The world’s fastest sailor – the only man who knows what it’s like to sail at an average of 65.45 knots – will be part of the 30th anniversary Audi Hamilton Island Race Week in August. Australia’s Paul Larsen smashed the existing world sailing speed record
The world’s fastest sailor – the only man who knows what it’s like to sail at an average of 65.45 knots – will be part of the 30th anniversary Audi Hamilton Island Race Week in August.
Australia’s Paul Larsen smashed the existing world sailing speed record over 500 metres by near 10 knots in November last year when he piloted his futuristic multihull, Vestas Sail Rocket, across Walvis Bay, in Namibia, at a speed which peaked at 68.33 knots. A few days later he raised the world record speed for one nautical mile to 55.32 knots.
Now, by returning to Audi Hamilton Island Race Week from England where he now lives, Larsen will be heading to the place where his thoughts of becoming the world’s fastest person under sail were germinated.
Larsen worked at Hamilton Island between 1996 and 1999 as a sailing activities manager on the resort’s Catseye Beach, and also for the island’s bareboat charter operator, Sunsail. He went to the island after learning to sail in country Victoria and going on to become the state champion in the Hobie Cat class.

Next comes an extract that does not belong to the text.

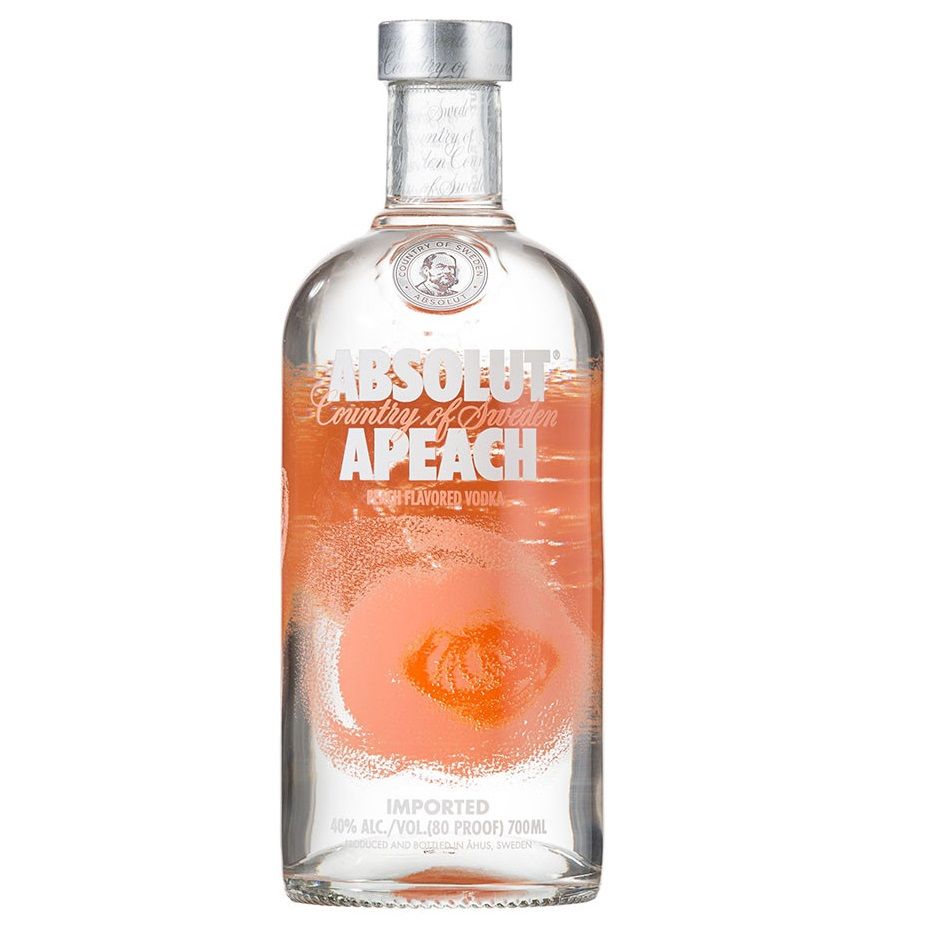 VODKA ABSOLUT APEACH 1L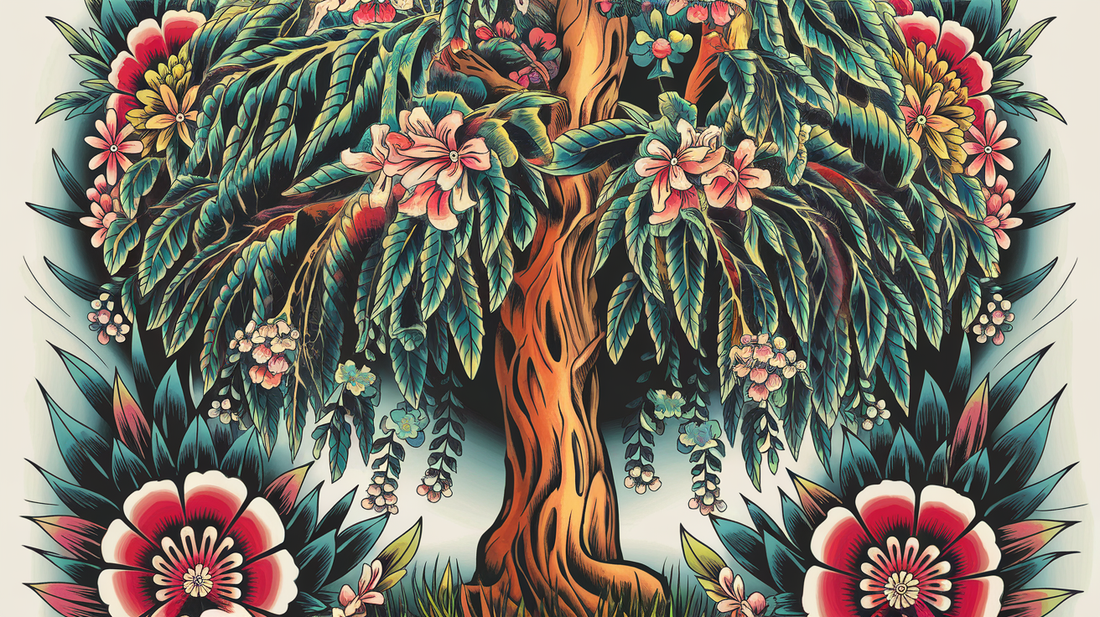 71 Spiritually Meaningful Ideas For Willow Tree Tattoos That Are Promising For Internal Growth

‘I’ve always loved sailing fast. It was while I was in the Whitsundays that I read a book – The 40-Knot Sailboat – and that changed everything for me. The book was written by an American rocket scientist, Bernard Smith, who had some remarkable theories on high speed sailboat design which I could relate to. I knew there and then I had found my goal.

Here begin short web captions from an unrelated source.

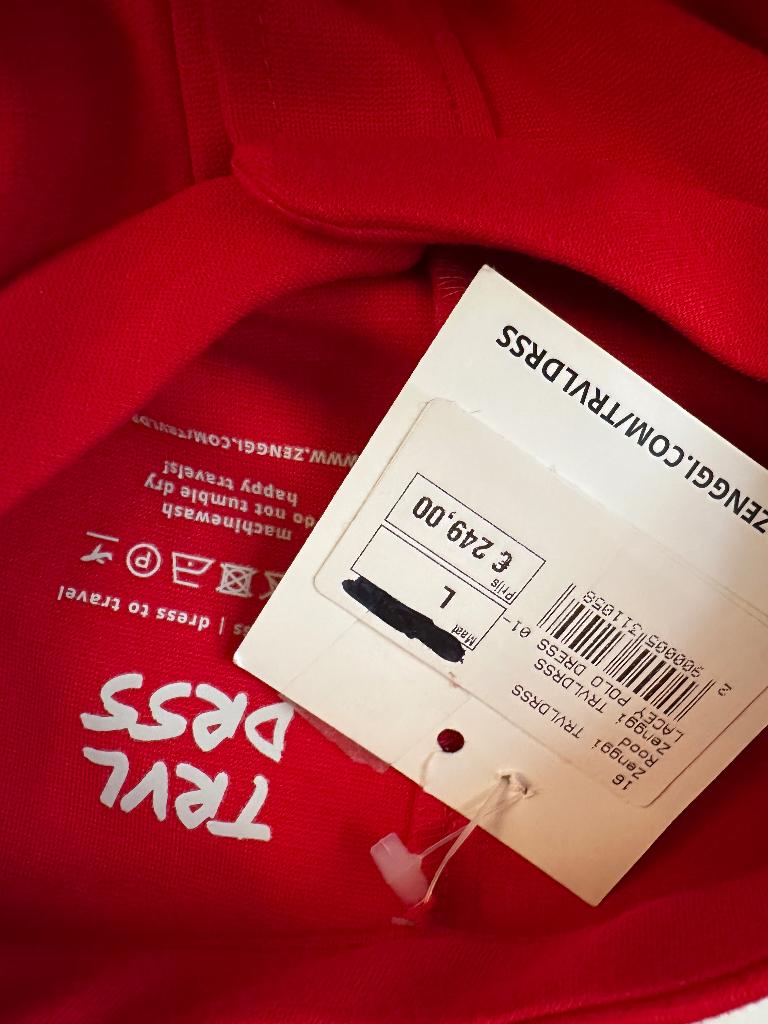 Zenggi jurk NIEUW L, Verzenden, Nieuw, Rood, Onder de knie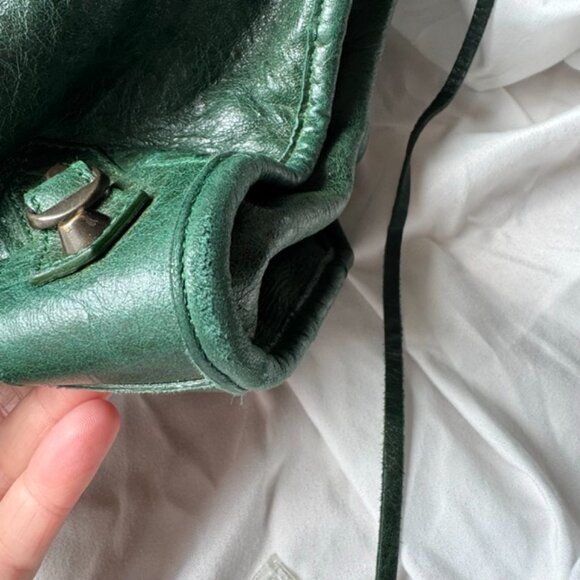 Auth F/W 2007 Balenciaga Pine Green Chevre Agneau City Shoulder Bag - Picture 11 of 16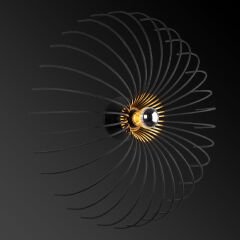 Aydinlatmadunyam Aplik Black Karsortel-N-643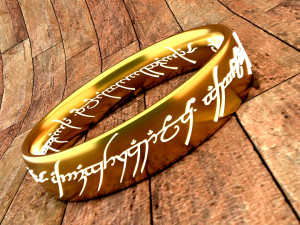 the one ring lord of rings 3D Print Model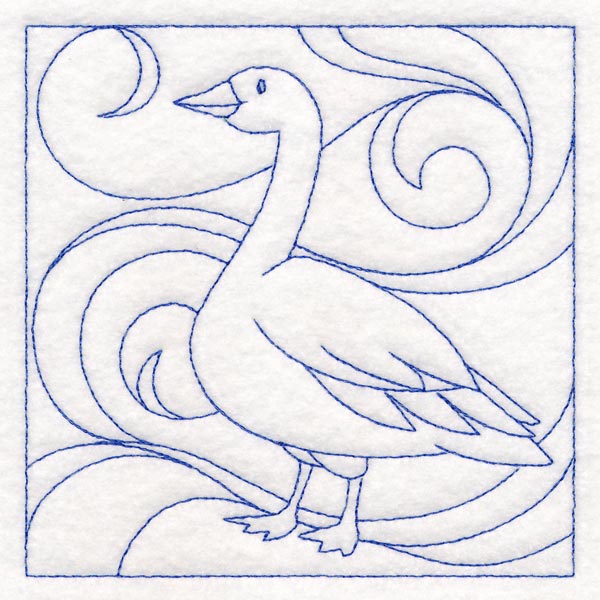 Winter Birds Quilting - Snow Goose (Double Run)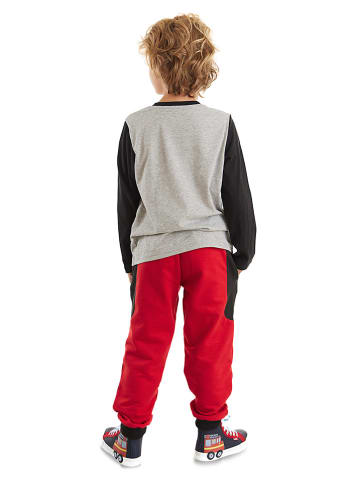 Denokids 2-częściowy zestaw "Fire Truck" w kolorze szaro-czerwonym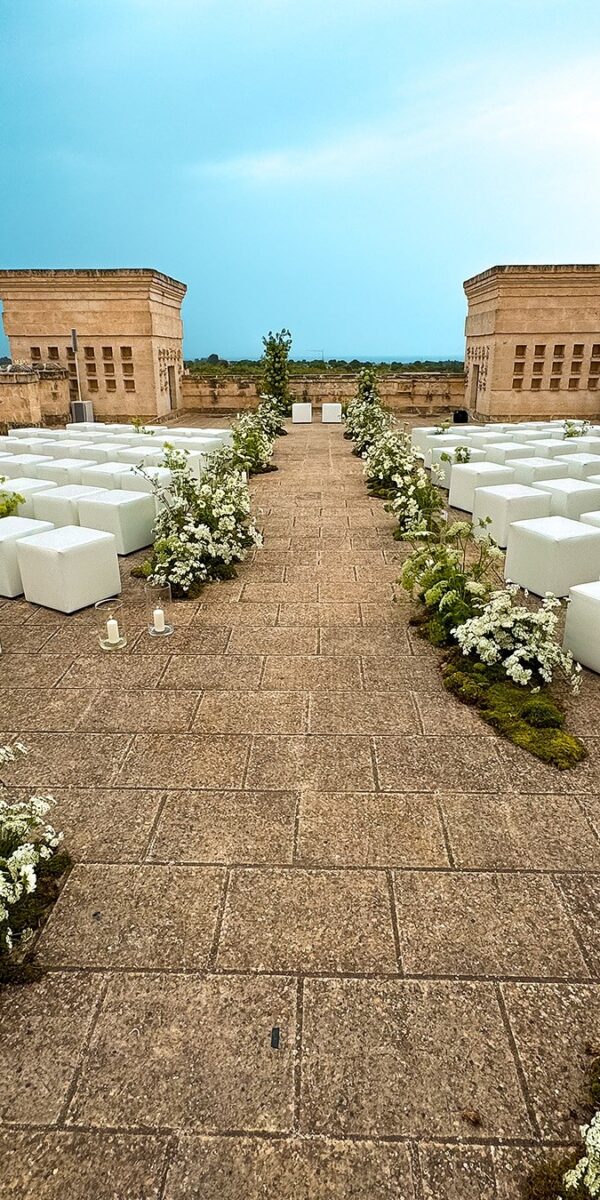 Cerimonia sulla terrazza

After ‘regrettably’ leaving Hamilton Island, Larsen went to Europe to gain experience in the international offshore multihull scene. He later based himself in England and started developing his theories on creating the world’s fastest sailboat. Soon after he teamed up with naval architect, Malcolm Barnsley, and together they expanded Smith’s theories, which were based on a premise that effectively eliminated the tendency to capsize.
‘I can’t wait to get back to the island in August and experience Audi Hamilton Island Race Week,’ Larsen said from his home in Weymouth. ‘It will be like a special home-coming because Hamilton Island is where it all started for me. I’m really looking forward to seeing what’s changed. I’m told that the Oatley family has done a magnificent job developing the island into a world class destination.’

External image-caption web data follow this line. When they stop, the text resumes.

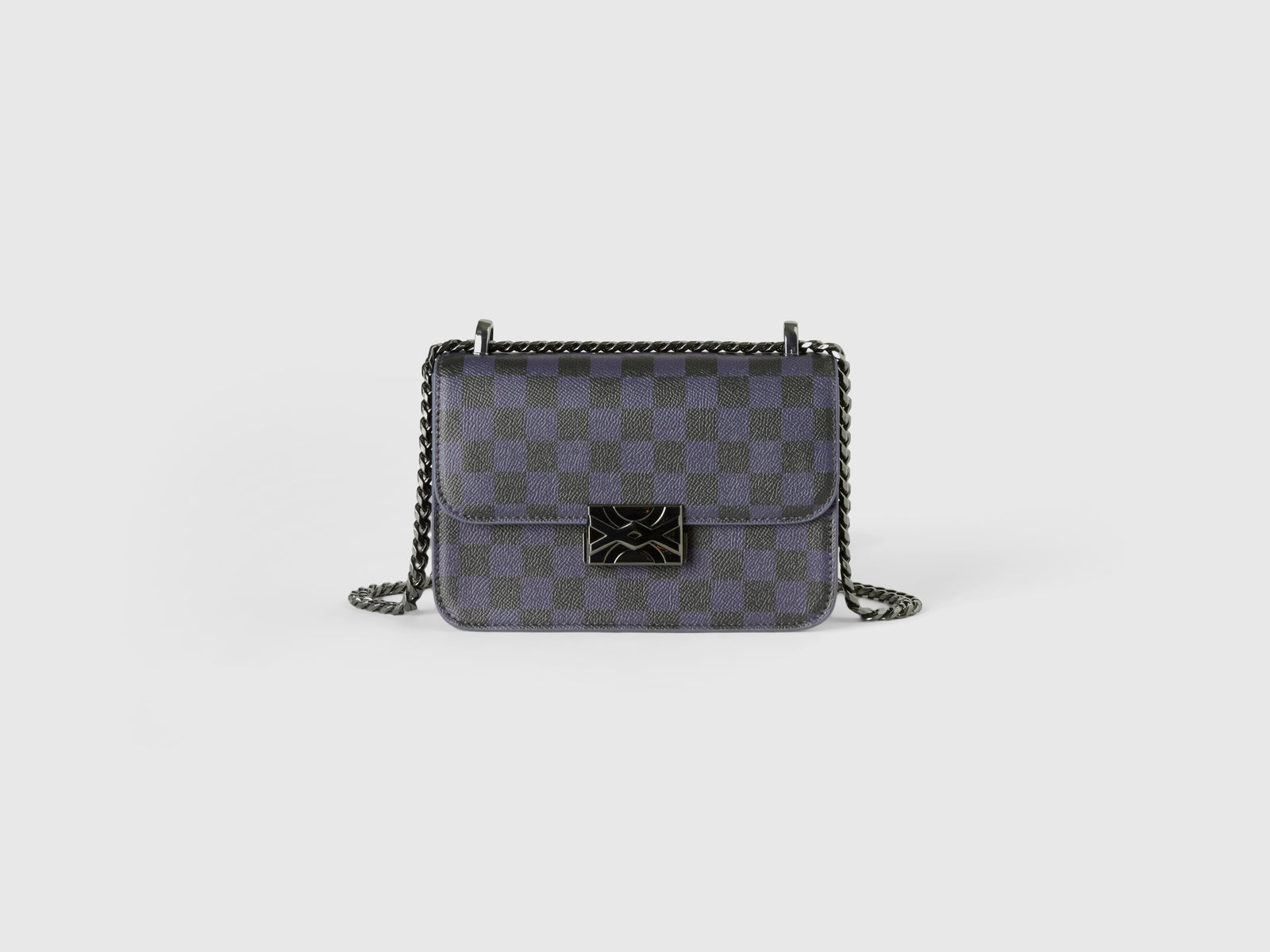 Be Bag piccola a quadri blu e da donna multi-color | Benetton Outlet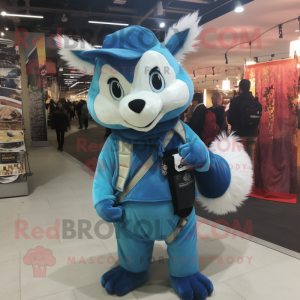 Sky Blue Skunk mascotte...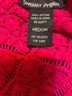 Sweater Project 100% Cotton Pink Cardigan Size M - photo 5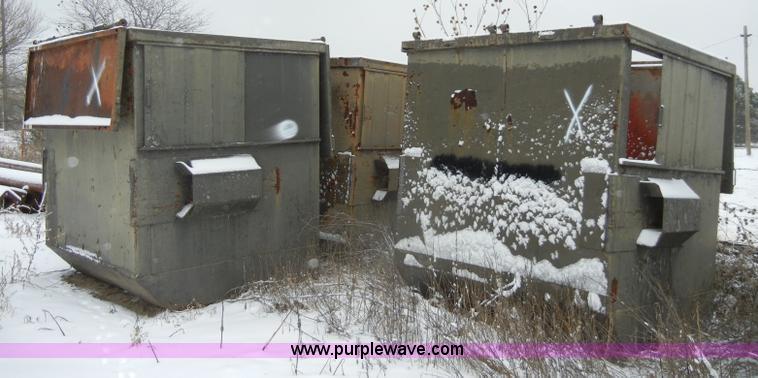image for item J9457 (19) assorted metal trash dumpsters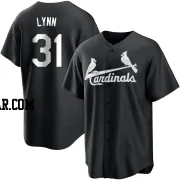 Lance Lynn Men's St. Louis Cardinals Black/White Replica Jersey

Larsen will be telling of his world speed sailing record experiences at a special Sailor’s Forum to be staged during Race Week. He is also planning to compete in some of the races during the week – and if he does he’s hoping the racing experience will be different from when he worked there.
‘My job back then was primarily to open beers on the downwind legs and keep the charterers happy,’ Larsen reminisced. ‘Even so, it was great fun. I always enjoyed it.’
Incredibly, little more than one month after establishing a new world sailing speed record, Larsen had gone from one extreme to the other. In January this year he was part of a small crew that sailed a replica of Ernest Shackleton’s tiny, 6.9 metre whale boat for the re-enactment of the great explorer’s remarkable 1916 rescue mission in the Southern Ocean. While Vestas Sail Rocket achieved more than 60 knots, this adventure saw Larsen travelling at an average speed of just three knots over the 800 nautical miles from Elephant Island, near Antarctica, to South Georgia Island.
Once back in England after attending this year’s Audi Hamilton Island Race Week, Larsen will continue to pursue his ‘form of madness’. He and Barnesly intend to refine Vestas Sail Rocket in the hope of making another record-breaking run on the same course in Namibia later this year.
‘I think we can get this existing boat to more than 70 knots, maybe even 80. After that we will continue with our plans to make this concept capable of achieving safe trans-ocean passages where average speeds of 50 knots will be achievable. I have no doubt this is the future in the sport. It’s a concept which has the potential to be applied to all forms of sailing as we know it.’
Entries for this year’s much-anticipated 30th anniversary edition of Audi Hamilton Island Race Week continue to be lodged at a record rate. The 50th entry to be registered was Geoff and Vicki Player’s impressive Beneteau Sense 50, Silver Minx, from Sydney.
Luxury carmaker, Audi, returns as the Title Sponsor of Hamilton Island Race Week in 2013. The German premium brand will host a range of special events on the island for yacht owners and guests to enjoy during the week.